HAAZINU

Posted on setembro 14, 2021

HAAZINU

Chamado de um Líder para a Responsabilidade

O Rabino Sacks zt”l preparou um ano inteiro de  Covenant & Conversation  para 5781, baseado em seu livro Lessons in Leadership. O Escritório do Rabino Sacks continuará distribuindo esses ensaios todas as semanas, para que as pessoas ao redor do mundo possam continuar a aprender e se inspirar em sua Torá.

Quando as palavras ganham asas, elas se modulam em música. Isso é o que eles fazem aqui em  Ha’azinu  enquanto Moisés, com o Anjo da Morte já à vista, se prepara para partir desta vida. Nunca antes ele havia falado com tanta paixão. Sua linguagem é vívida, até violenta. Ele quer que suas palavras finais nunca sejam esquecidas. Em certo sentido, ele articulou essa verdade por quarenta anos, mas nunca antes com tanta emoção. Isso é o que ele diz:

Dá ouvidos, ó céus, para que eu fale,
Terra, ouça as palavras da minha boca…
A Rocha, Seus atos são perfeitos,
Pois todos os seus caminhos são justos.
Um D-s fiel sem erro,
Certo e reto é Ele.
Ele não é corrupto; o defeito está em seus filhos,
Uma geração deformada e distorcida.
É assim que vocês retribuem a D-s,
Pessoas ingratas e insensatas?
Ele não é seu Pai, seu Mestre?
Ele te fez e te estabeleceu.
(Deut. 32: 1-6)

Não culpe a D-s quando as coisas dão errado. Isso é o que Moisés sente com tanta paixão. Não acredite, ele diz, que D-s está lá para nos servir. Estamos aqui para servi-lo e por meio dele ser uma bênção para o mundo. D-s é correto; somos nós que somos complexos e nos enganamos. D-s não está ali para nos livrar de responsabilidades. É D-s quem nos chama à responsabilidade.

Com essas palavras, Moisés encerra o drama que começou com Adam e Eva no Jardim do Éden. Quando eles pecaram, Adam culpou a mulher, a mulher culpou a serpente. Assim foi quando D-s começou a criar, e ainda é no tempo secular do século XXI.

A história da humanidade tem sido, em grande parte, uma fuga da responsabilidade. Os culpados mudam. Apenas o sentimento de vitimização permanece. Não fomos nós. Foram os políticos. Ou a mídia. Ou os banqueiros. Ou nossos genes. Ou nossos pais. Ou o sistema, seja capitalismo, comunismo ou qualquer coisa entre eles. Acima de tudo, é culpa dos outros, daqueles que não são como nós, infiéis, filhos de Satanás, filhos das trevas, os não redimidos. Os autores do maior crime contra a humanidade de toda a história estavam convencidos de que não eram eles. Eles estavam “apenas obedecendo ordens”. Quando tudo mais falhar, culpe a D-s. E se você não acredita em D-s, culpe as pessoas que acreditam. Ser humano é procurar escapar da responsabilidade.
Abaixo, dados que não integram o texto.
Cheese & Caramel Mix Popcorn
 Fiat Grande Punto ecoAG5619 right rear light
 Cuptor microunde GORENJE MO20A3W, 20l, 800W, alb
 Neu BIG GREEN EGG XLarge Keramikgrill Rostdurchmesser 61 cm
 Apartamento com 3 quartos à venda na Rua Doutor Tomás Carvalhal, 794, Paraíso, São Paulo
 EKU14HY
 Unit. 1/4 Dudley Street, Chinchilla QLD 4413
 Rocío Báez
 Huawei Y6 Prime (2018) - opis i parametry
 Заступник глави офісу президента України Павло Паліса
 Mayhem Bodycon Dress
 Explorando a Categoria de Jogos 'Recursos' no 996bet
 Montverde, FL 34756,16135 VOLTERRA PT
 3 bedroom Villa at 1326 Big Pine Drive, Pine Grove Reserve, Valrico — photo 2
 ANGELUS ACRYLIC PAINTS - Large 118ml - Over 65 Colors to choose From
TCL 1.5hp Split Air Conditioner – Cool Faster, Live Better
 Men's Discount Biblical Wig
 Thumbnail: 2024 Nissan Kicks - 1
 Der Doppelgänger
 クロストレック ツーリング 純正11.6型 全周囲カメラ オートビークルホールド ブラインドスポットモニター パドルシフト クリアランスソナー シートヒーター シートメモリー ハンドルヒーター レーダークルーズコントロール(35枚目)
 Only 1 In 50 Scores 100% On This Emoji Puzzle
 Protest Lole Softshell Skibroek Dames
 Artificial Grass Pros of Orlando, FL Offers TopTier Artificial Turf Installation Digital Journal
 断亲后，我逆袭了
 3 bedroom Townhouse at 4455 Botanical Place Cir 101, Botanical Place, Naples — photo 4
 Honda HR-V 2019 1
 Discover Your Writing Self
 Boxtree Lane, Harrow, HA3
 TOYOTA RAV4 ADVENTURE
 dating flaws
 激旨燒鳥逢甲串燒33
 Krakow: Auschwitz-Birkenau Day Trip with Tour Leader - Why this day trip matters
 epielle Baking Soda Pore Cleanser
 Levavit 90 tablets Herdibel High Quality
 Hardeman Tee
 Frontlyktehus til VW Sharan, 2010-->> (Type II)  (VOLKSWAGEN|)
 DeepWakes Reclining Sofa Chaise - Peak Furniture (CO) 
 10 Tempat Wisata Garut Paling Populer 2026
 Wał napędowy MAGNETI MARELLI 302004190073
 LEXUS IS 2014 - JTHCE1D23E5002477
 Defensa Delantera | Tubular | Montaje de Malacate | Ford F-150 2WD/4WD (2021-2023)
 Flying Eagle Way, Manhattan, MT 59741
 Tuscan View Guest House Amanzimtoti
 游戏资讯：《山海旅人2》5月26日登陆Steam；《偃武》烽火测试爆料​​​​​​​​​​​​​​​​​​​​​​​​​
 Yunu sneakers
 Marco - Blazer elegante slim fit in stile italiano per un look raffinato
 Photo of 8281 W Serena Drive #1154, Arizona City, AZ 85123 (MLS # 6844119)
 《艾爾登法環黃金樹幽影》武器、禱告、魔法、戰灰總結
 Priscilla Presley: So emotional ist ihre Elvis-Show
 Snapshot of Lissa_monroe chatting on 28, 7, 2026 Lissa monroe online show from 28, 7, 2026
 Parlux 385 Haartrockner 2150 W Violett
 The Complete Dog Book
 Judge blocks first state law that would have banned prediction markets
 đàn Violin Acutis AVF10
Isso é o que torna o Judaísmo diferente. É o que fez algumas pessoas admirar os judeus e outras odiá-los. Pois o judaísmo é o chamado de D-s para a responsabilidade humana. Dessa chamada você não pode se esconder, como Adam e Eva descobriram quando tentaram, e você não pode escapar, como Jonas aprendeu na barriga de um peixe.

O que Moisés estava dizendo em seu grande cântico de despedida pode ser parafraseado assim: “Amado povo, eu o conduzi por quarenta anos e meu tempo está chegando ao fim. Desde o mês passado, desde que comecei esses discursos, esses  devarim , tenho procurado contar-lhes as coisas mais importantes sobre o seu passado e o seu futuro. Eu imploro que vocês não os esqueçam.

“Seus pais eram escravos. D-s trouxe a eles e a você à liberdade. Mas isso foi liberdade negativa,  chofesh. Isso significava que não havia ninguém para lhe dar ordens. Esse tipo de liberdade não é irrelevante, pois sua ausência tem gosto de pão sem fermento e ervas amargas. Coma-os uma vez por ano para nunca se esquecer de onde veio e quem o trouxe para fora.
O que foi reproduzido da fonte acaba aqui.